Crawled caption data:
=== Section Start ===

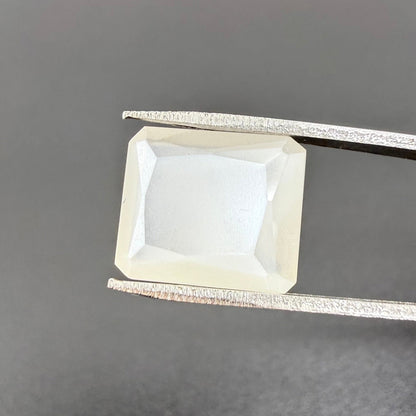 Moonstone Radiant 3.48 Ct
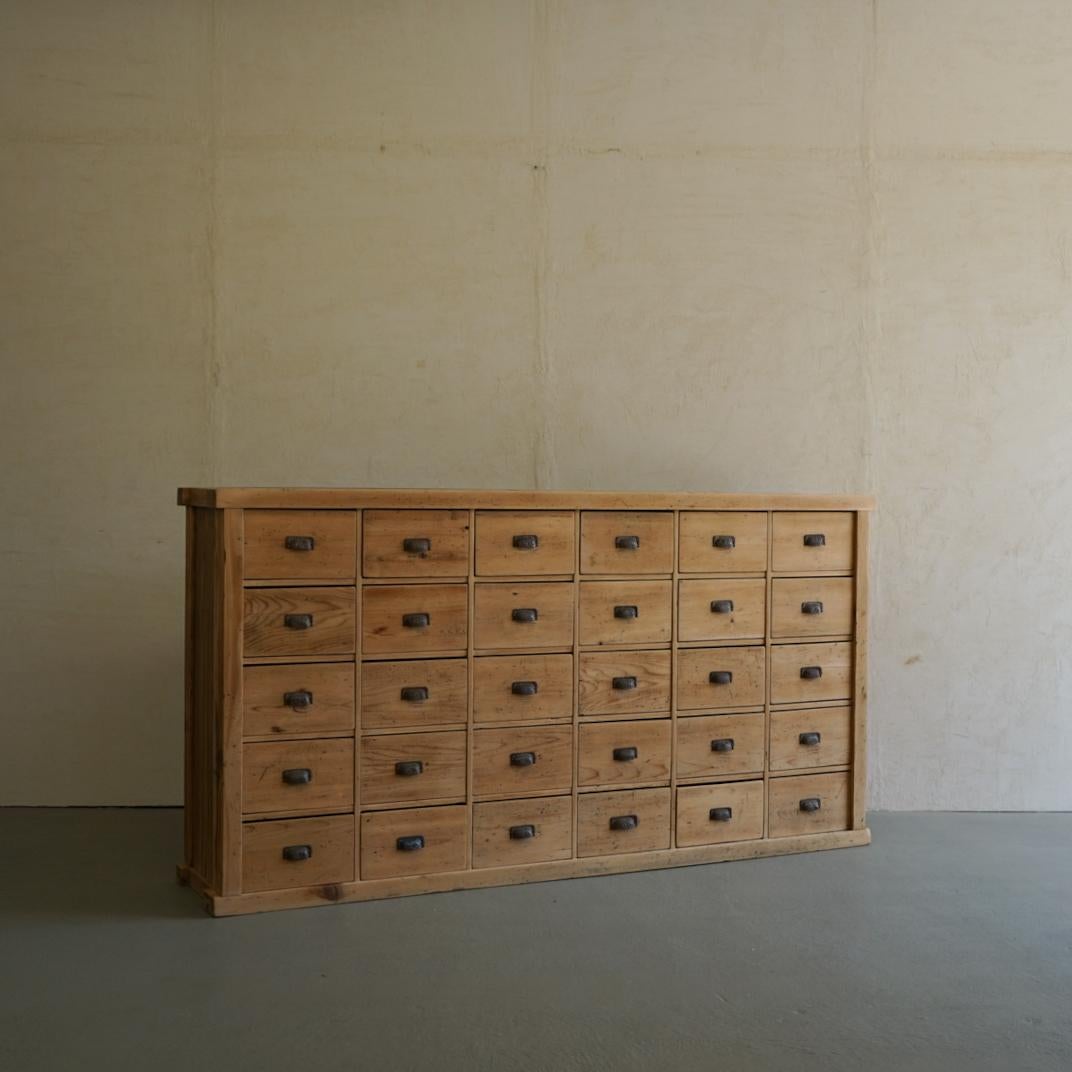 This is an old Japanese drawer storage shelf.
The shelves are all made from cedar.
There are many old Japanese pieces of furniture with drawers, but it is rare to find a shelf with this many drawers.
Recommended for collection cases.

There are 30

=== Section End ===

What is expected: Find "There" in the data above. Report each line where it appears.

Task solution:
There are many old Japanese pieces of furniture with drawers, but it is rare to find a shelf with this many drawers.
There are 30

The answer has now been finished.